** SOURCE DATA follows **

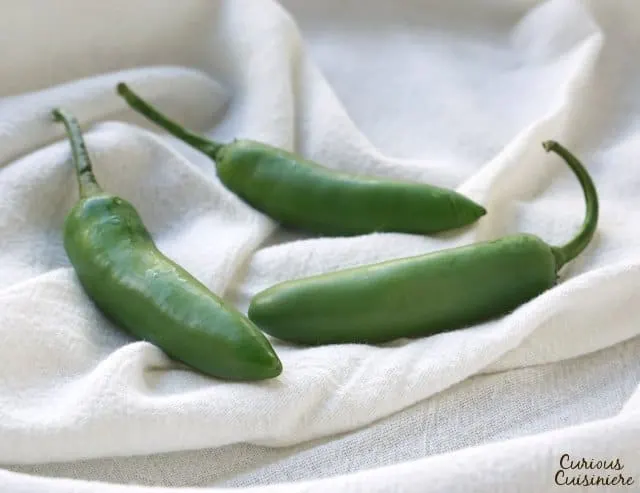 Serrano chilies look like thin jalapenos, but they are hotter, with thick, juicy walls. | www.CuriousCuisiniere.com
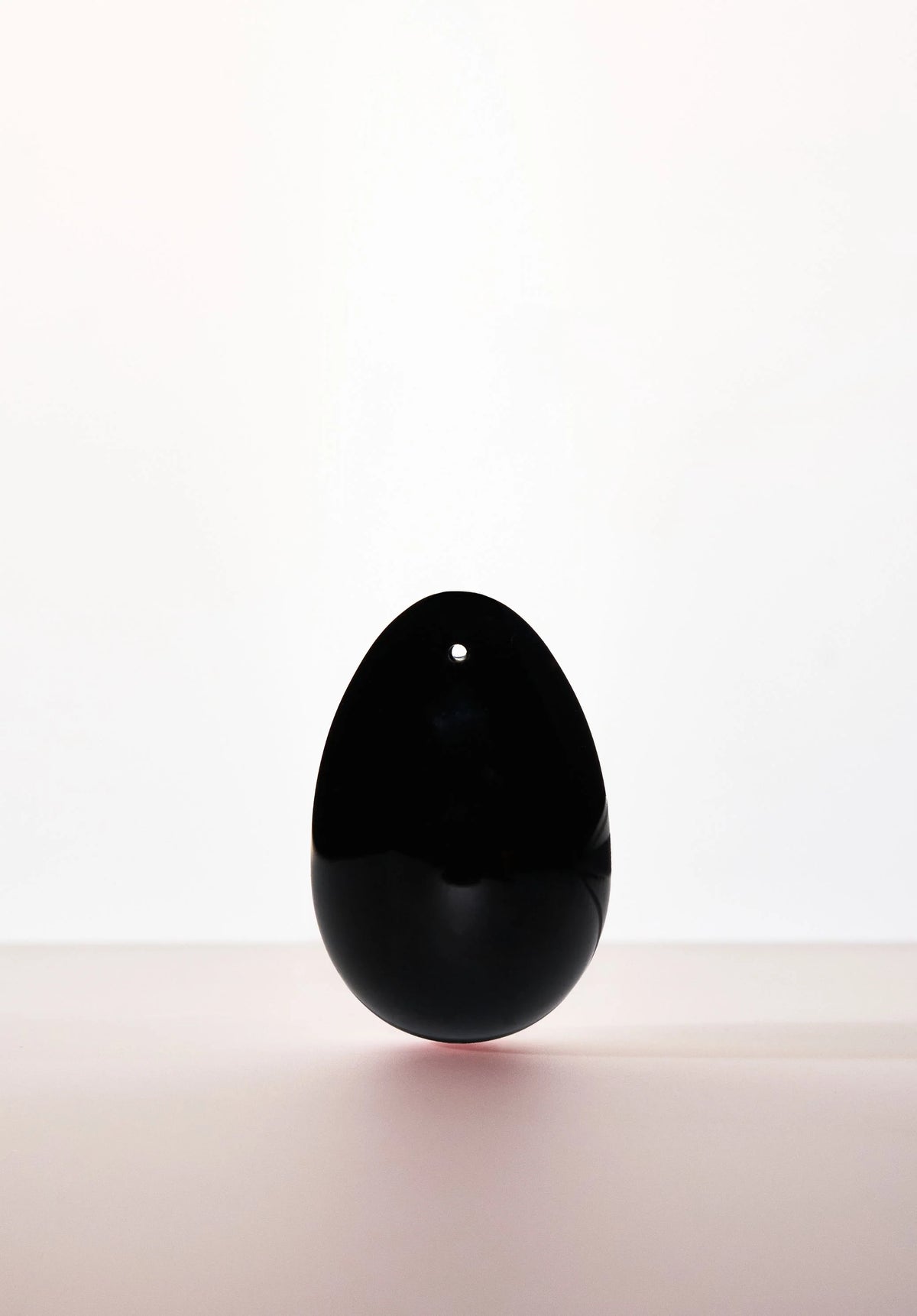 Black Obsidian yoni egg with drilled hole, from Anastasia's Bedroom Lingerie, showcasing smooth, polished gemstone for intimate wellness.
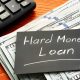 Hard money mortgage lenders—stack of $100 bills, calculator, and handwritten loan note on wooden surface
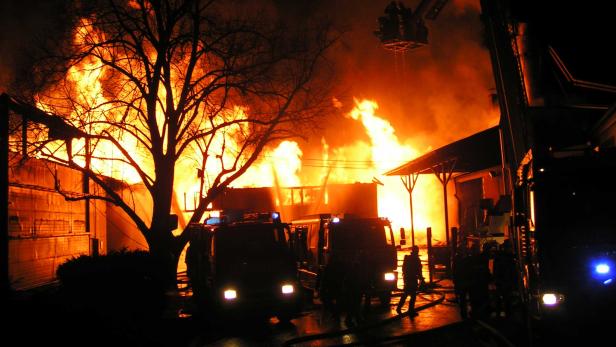 Ein Gebäude steht in Flammen, während Feuerwehrleute versuchen, das Feuer zu löschen.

** End of SOURCE DATA **

● **YOUR OBJECTIVE**:
When you write out the material again, keep every word exact and omit the pictures.

● **ANSWER TO THIS TASK**:
 Serrano chilies look like thin jalapenos, but they are hotter, with thick, juicy walls. | www.CuriousCuisiniere.com
 Black Obsidian yoni egg with drilled hole, from Anastasia's Bedroom Lingerie, showcasing smooth, polished gemstone for intimate wellness.
 Hard money mortgage lenders—stack of $100 bills, calculator, and handwritten loan note on wooden surface
 Ein Gebäude steht in Flammen, während Feuerwehrleute versuchen, das Feuer zu löschen.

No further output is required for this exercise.